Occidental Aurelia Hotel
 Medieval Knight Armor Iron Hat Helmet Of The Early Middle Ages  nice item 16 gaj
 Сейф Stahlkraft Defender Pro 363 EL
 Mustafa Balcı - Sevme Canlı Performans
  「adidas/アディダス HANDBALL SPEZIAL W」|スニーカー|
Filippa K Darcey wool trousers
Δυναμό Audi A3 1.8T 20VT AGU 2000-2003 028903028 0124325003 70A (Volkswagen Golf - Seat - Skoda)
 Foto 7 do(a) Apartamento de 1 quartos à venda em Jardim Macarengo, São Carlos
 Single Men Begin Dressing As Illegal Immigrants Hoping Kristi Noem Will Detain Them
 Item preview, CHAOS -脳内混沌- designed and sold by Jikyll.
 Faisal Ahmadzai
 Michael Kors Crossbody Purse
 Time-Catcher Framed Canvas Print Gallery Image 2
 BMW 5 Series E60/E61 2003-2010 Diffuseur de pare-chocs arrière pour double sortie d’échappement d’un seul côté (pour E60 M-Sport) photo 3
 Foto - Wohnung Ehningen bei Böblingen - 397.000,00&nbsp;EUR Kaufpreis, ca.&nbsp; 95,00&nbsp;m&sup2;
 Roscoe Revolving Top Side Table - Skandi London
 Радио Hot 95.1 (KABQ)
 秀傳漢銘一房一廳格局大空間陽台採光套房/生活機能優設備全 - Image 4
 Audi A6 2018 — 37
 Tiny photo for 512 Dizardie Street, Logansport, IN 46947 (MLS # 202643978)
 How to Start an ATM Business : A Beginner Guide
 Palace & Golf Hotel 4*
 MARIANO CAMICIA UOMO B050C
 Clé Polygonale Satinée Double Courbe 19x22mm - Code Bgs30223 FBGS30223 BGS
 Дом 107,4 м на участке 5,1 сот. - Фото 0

- _Task prompt_:
Only the lines from the one that contains "Радио Hot 95.1 (KABQ)" to the end of the data should be output, exactly as they appear.

- _Answer space_:
 Радио Hot 95.1 (KABQ)
 秀傳漢銘一房一廳格局大空間陽台採光套房/生活機能優設備全 - Image 4
 Audi A6 2018 — 37
 Tiny photo for 512 Dizardie Street, Logansport, IN 46947 (MLS # 202643978)
 How to Start an ATM Business : A Beginner Guide
 Palace & Golf Hotel 4*
 MARIANO CAMICIA UOMO B050C
 Clé Polygonale Satinée Double Courbe 19x22mm - Code Bgs30223 FBGS30223 BGS
 Дом 107,4 м на участке 5,1 сот. - Фото 0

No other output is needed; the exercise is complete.